Let’s say a Rust library is written that communicates with the SAFE Network (with the Rust safe_app dependency). Would there be a way to make use of that library within the SAFE Browser? The Rust library can be compiled to WASM, but the browser/JS is like a sandbox that blocks network calls and such. That renders the library useless. From Rust, JavaScript can be called, so in theory a Rust library could call the SAFE API in window.safe, but that JS API is a very limited API in that it abstracts away a lot.

Would anything like the above be possible and feasible for the SAFE Browser? I saw some mention of something like this in @joshuef’s topic about the SAFE Browser last year:

WASM could be great (using built rust code directly in the browser would remove a layer of abstraction / unify the API interface; instead of having safe-node-app and window.safeXXX interfaces which are inconsistent/ more things to maintain).

The future of WASM is promising, it opens more reliable libraries up to the web development world.


#2

Yes, I’d like to spend time again working a safe_app_wasm experiment that I paused back in March.
What I’d like to solve next for it is to replace our memmap dependent functionality with some kind of native WASM memory mapping IO. Same for our fs2 dependent functionality.
Both of these crates require either Unix or Windows target families.

Not sure how long we’d be waiting for those future features. The other option suggested by Alex Crichton is to put effort into customising those crates for WASM.


#3

Rust + wasm is the only chance I have for being a safe app dev… I find most javascript to be incomprehensible…

interesting example and commentary…


#4

How far along did you get with that? I’ve been spending a pretty large amount of time with WASM and Rust.


#5

I came across your issue while reading up on all the various pieces relevant to our challenge. Finally I’m starting to understand the complexity of this puzzle. I’ll lay out my journey here. :world_map:

Briefly, if I understand correctly: safe_app relies on a few crates in its dependency tree that have code written for specific targets, except for the wasm32-unknown-unknown target.
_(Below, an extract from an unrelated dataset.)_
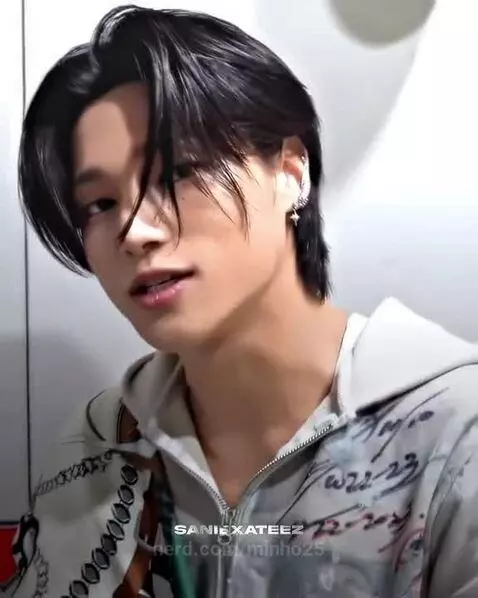 atiny, wooyoung, ateez by minho25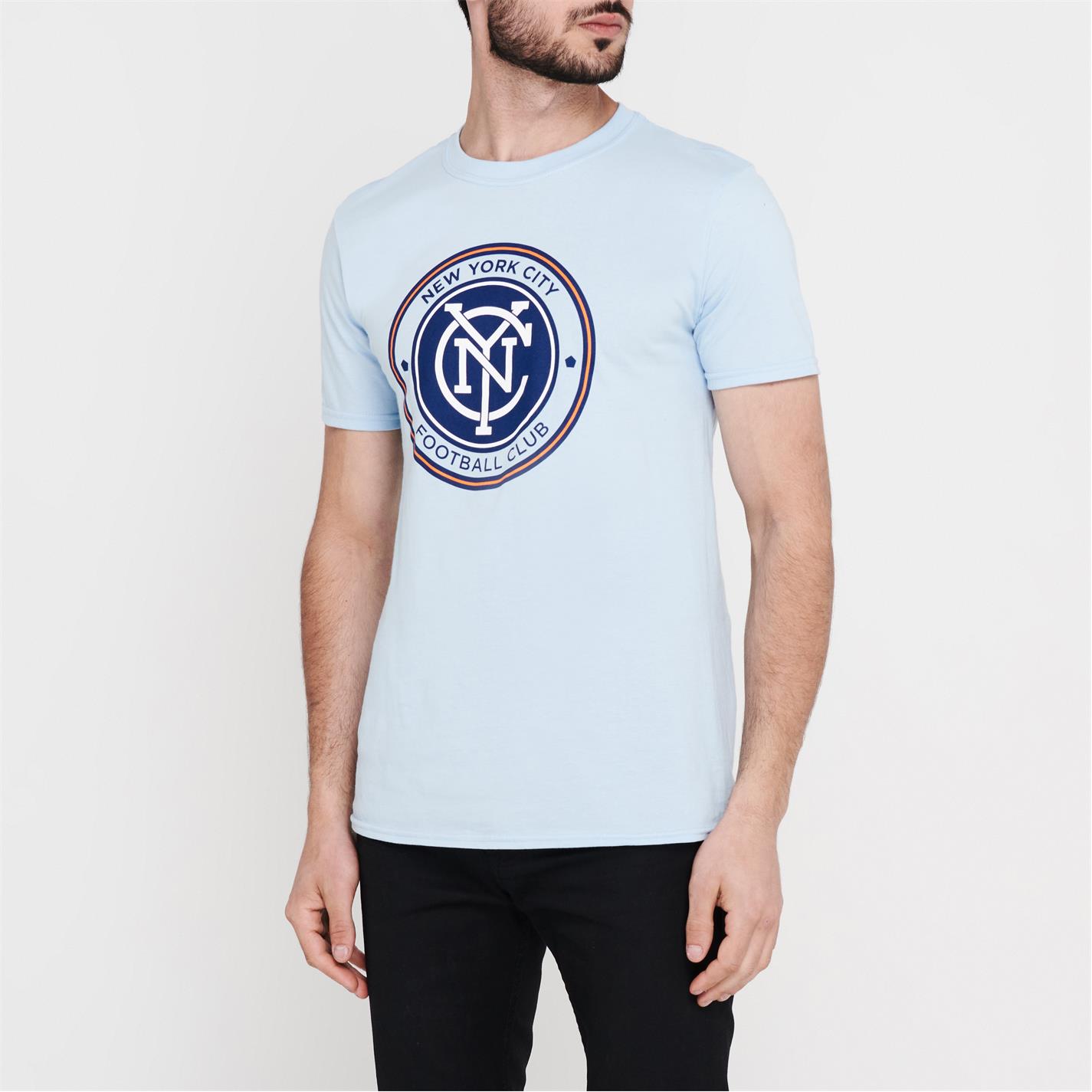 MLS Logo T-shirt Adults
These are packages like fs2 and memmap that interact with low-level OS APIs.


Braindumping :brain: the possibilities for memmap:

  • I found a ‘WASM-enabled’ crate that also implements allocation for Unix and Windows. The SAFE library self_encryption would then use that instead of memmap I assume. (I’m no expert at Rust and the SAFE libraries so forgive me if I’m incorrect to assume anything here.)
  • Else you would need to write a patch (or submit a PR) for memmap to support a WASM target. (Like Crichton mentioned.)
  • Or wait for the WASM/Rust ecosystem to mature and expect everything to work in a few years.
  • Implement the sequencer without memmap if that is at all possible. @pierrechevalier83 (The sequencer seems the only piece of code that safe_app relies on that uses memmap)

For fs2 things are a little more confusing to me. From WASM apparently the libc from Emscripten has a virtual filesystem. fs2 relies on libc only for Unix, so might be easy to fix fs2 to rely on libc for WASM too.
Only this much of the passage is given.